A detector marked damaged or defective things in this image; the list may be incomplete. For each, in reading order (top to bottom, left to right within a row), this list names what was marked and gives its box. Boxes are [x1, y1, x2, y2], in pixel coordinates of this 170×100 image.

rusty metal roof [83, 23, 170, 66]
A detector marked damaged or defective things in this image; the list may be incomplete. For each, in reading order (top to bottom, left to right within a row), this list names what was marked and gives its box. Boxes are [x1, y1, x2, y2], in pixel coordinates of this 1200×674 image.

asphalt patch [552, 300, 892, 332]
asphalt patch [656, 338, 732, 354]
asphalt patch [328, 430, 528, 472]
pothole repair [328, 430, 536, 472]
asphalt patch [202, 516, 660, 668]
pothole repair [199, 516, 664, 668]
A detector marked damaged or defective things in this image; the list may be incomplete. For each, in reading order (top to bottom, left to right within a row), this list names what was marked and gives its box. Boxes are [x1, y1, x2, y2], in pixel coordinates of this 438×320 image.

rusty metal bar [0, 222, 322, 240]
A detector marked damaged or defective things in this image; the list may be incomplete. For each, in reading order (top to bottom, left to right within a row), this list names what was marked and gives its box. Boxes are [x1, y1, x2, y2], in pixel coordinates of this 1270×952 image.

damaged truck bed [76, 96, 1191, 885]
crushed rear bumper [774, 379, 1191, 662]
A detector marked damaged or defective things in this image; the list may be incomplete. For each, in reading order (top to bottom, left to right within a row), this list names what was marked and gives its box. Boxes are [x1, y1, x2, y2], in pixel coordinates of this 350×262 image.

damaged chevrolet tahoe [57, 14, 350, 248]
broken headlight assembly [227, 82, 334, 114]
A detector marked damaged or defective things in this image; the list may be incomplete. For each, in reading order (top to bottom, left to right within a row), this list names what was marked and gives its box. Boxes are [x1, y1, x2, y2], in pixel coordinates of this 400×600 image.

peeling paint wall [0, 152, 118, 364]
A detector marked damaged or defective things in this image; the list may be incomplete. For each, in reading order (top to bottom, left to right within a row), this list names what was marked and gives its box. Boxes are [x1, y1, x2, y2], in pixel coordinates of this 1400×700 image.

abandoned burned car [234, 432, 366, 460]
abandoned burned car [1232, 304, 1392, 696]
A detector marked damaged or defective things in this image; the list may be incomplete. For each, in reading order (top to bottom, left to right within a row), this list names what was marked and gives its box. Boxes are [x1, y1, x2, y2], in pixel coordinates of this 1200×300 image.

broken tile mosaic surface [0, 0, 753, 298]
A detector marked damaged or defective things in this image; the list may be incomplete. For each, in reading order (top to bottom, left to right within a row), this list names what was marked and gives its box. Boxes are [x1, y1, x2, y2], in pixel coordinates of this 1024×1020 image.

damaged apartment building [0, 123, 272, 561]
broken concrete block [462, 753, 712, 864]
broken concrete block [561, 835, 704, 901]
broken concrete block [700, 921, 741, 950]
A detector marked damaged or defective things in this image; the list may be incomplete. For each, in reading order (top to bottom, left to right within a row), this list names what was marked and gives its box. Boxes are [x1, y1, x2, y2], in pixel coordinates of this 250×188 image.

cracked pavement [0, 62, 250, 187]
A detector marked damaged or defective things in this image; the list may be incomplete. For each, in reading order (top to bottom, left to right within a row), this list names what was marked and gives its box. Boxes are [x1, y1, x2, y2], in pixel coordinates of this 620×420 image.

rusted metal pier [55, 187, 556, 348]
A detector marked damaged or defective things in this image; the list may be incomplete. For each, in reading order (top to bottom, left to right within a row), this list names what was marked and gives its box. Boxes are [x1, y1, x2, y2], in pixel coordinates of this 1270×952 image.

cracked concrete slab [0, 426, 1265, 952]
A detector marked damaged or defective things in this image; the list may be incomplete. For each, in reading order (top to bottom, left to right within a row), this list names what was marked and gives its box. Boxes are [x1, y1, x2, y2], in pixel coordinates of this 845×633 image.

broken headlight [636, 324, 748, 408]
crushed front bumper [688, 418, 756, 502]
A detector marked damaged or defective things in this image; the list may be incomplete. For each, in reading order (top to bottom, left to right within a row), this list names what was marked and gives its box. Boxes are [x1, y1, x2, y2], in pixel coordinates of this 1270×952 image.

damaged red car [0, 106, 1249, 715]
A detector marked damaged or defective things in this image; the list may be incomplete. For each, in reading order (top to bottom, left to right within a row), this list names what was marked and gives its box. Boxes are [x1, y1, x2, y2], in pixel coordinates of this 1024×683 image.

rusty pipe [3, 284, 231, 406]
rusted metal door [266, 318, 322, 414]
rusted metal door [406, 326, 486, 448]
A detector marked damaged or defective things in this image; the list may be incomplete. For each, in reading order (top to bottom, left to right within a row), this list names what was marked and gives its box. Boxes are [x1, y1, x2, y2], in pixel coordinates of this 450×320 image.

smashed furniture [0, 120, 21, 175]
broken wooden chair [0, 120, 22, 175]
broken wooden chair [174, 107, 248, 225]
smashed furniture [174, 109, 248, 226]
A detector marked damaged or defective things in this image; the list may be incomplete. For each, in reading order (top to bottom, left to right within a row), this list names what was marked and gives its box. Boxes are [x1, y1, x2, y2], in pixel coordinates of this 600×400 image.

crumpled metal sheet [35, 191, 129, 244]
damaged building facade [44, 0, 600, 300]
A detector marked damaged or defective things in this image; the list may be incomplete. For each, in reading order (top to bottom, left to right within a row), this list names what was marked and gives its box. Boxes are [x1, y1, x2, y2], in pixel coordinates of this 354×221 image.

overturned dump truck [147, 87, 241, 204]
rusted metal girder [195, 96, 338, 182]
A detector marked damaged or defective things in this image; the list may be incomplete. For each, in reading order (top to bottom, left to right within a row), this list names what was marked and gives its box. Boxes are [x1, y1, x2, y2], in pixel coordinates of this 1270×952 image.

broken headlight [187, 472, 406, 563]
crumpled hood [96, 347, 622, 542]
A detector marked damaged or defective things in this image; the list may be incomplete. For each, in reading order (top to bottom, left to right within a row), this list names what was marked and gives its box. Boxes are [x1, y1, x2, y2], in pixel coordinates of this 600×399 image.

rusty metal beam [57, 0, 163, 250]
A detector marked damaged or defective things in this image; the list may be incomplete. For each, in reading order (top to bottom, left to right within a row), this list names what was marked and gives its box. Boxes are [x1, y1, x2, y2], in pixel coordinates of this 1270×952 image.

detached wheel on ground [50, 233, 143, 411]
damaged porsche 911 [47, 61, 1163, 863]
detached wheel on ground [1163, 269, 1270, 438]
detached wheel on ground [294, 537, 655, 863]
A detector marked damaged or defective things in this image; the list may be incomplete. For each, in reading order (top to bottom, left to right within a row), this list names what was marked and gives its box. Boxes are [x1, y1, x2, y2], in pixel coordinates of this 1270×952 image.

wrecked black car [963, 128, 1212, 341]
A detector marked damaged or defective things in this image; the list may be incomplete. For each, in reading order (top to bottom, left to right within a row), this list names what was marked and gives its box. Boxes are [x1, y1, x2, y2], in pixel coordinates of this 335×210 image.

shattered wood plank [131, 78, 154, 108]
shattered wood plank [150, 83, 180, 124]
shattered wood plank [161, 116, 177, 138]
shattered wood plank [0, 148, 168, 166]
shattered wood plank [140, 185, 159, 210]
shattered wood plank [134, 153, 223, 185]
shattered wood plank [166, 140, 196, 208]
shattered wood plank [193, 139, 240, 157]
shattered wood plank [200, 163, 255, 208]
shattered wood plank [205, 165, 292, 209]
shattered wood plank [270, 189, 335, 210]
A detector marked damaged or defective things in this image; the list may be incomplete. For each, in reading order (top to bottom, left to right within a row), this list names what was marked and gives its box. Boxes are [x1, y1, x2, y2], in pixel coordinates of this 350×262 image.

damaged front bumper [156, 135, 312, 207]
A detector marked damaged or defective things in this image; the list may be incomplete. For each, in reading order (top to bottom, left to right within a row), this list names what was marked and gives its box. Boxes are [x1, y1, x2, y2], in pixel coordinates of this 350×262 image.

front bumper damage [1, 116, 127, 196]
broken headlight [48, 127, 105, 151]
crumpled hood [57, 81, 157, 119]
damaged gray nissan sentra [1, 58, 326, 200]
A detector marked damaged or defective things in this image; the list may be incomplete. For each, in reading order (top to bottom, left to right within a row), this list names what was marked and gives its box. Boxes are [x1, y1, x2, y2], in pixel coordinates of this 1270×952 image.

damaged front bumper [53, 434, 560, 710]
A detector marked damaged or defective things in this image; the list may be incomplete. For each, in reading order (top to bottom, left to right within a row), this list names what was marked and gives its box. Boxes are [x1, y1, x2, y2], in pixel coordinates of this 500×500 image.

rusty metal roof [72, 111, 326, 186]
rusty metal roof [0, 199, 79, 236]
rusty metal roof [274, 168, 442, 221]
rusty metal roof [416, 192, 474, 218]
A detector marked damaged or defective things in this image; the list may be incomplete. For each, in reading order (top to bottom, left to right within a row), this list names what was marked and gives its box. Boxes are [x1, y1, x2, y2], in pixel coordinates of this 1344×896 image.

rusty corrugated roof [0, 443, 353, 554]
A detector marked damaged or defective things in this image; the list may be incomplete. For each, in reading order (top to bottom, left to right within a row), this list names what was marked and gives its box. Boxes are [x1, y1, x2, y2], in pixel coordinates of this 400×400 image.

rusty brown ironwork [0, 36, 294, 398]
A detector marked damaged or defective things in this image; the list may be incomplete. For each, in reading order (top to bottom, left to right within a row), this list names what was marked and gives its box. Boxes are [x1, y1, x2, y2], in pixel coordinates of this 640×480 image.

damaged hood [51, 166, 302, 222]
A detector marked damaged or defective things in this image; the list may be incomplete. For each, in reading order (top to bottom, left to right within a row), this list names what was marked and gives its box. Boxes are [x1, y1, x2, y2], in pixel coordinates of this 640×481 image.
::::::::::
> [WORK ORDER]
Quote, word for word, every line starting at the one that contains "this 1344×896 image." and ending with the final line of the entries.

> [WRITTEN RESPONSE]
A detector marked damaged or defective things in this image; the list may be incomplete. For each, in reading order (top to bottom, left to right within a row), this list names what was marked and gives its box. Boxes are [x1, y1, x2, y2], in pixel coordinates of this 1344×896 image.

rusty corrugated roof [0, 443, 353, 554]
A detector marked damaged or defective things in this image; the list may be incomplete. For each, in reading order (top to bottom, left to right within a row), this list names what was marked and gives its box. Boxes are [x1, y1, x2, y2], in pixel coordinates of this 400×400 image.

rusty brown ironwork [0, 36, 294, 398]
A detector marked damaged or defective things in this image; the list may be incomplete. For each, in reading order (top to bottom, left to right within a row), this list names what was marked and gives its box. Boxes are [x1, y1, x2, y2], in pixel coordinates of this 640×480 image.

damaged hood [51, 166, 302, 222]
A detector marked damaged or defective things in this image; the list may be incomplete. For each, in reading order (top to bottom, left to right within a row), this list names what was marked and gives its box. Boxes are [x1, y1, x2, y2], in pixel coordinates of this 640×481 image.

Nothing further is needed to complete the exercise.